Initial research indicates that members aren’t looking for the entire kitchen sink but rather those high profile items you need to tackle on the go, such as balances, transaction history, transfers, and bill payments. The fact is these transactions make up about 98% of the transaction volume. Most other features are little used so keeping it simple is important. Steve Jobs proved the “keep it simple” concept with the iPhone.
That said, the adoption of smart phone technology has obviously exploded and the concept of downloadable apps has also moved front and center. Earlier versions of mobile banking were focused around Web-based versions, whereas the new trend is to have downloadable apps available in the respective app store. Of course, the Web-based version will continue to be an important channel, but credit unions want to have a presence in the app stores. Many folks see the app stores as a who’s-who list of successful companies.

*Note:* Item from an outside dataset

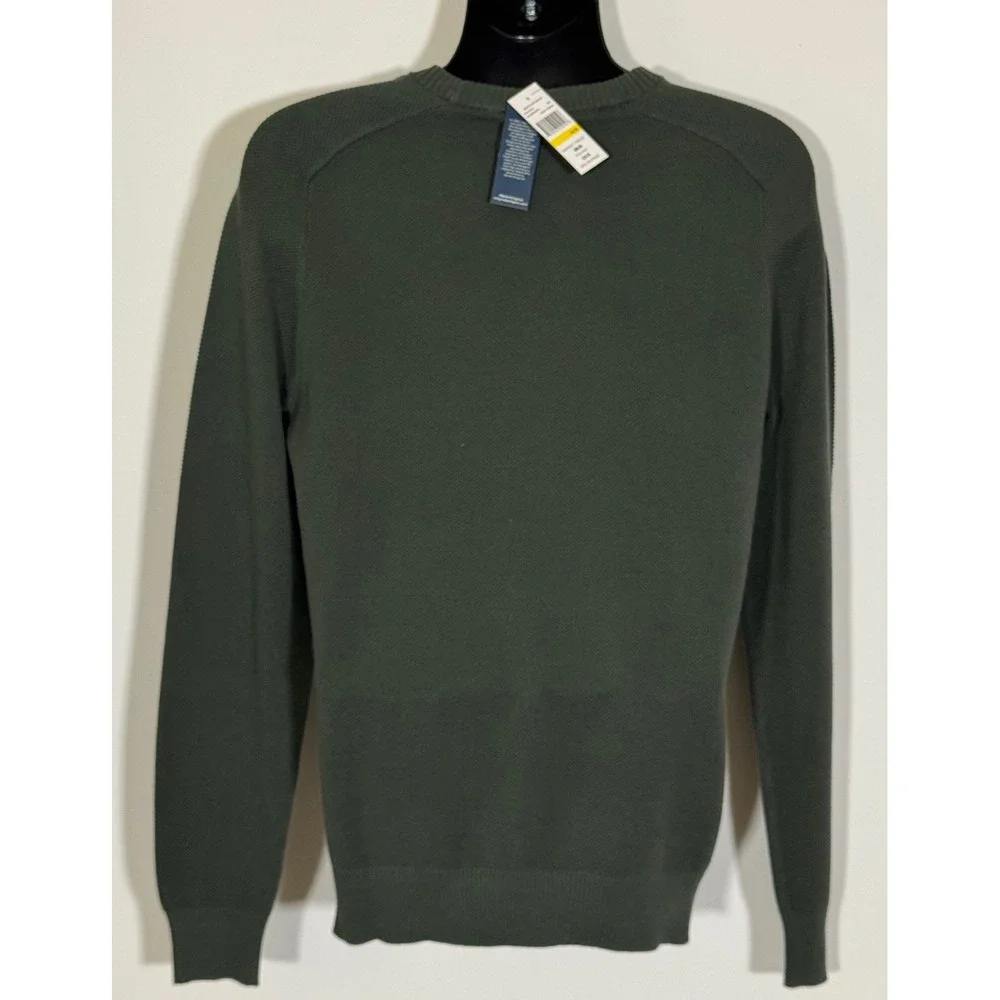 Original Penguin Men's Deep Forest Green Cotton Textured Crew Neck Sweater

With the expansion of apps for both the internetworking operating platform and Android, however, the nature of device management is something of which to be aware. By device management, this means making sure the app works on all of the possible iterations of devices supporting the respective operating system. While the Apple side is isolated to just a few devices (iPhone, iPad, etc.) – and those are distinctly similar in function – the Android side has literally hundreds of potential configurations between the various device types and the individual carrier software.
So, whereas a particular device may work perfectly fine on one carrier’s software configuration, it may fail on another. Keeping track of all of the different device types and configurations and making sure that any apps work equally well in all instances is an ongoing challenge.
Like apps, person to person transfers are also growing in demand, as it gives your mobile member user an immediate way to send money or pay for things wherever they are. Incorporating this feature into your mobile offering should be a hot item for groups wanting to stay ahead of the mobile wave.
Although, P2P has been a hot topic for credit unions for a while, the concept is still taking hold with members. Some credit unions remain leery of it because they aren’t hearing the demand from members in mass. However, this is one of those cases where members don’t know what they’re missing until they try it. Just look at today’s tablet trend. P2P should continue to gain traction as more people get their hands on it and word spreads. The opportunity here for credit unions is to maintain that progressive stance as they attempt to cater toward tech savvy members.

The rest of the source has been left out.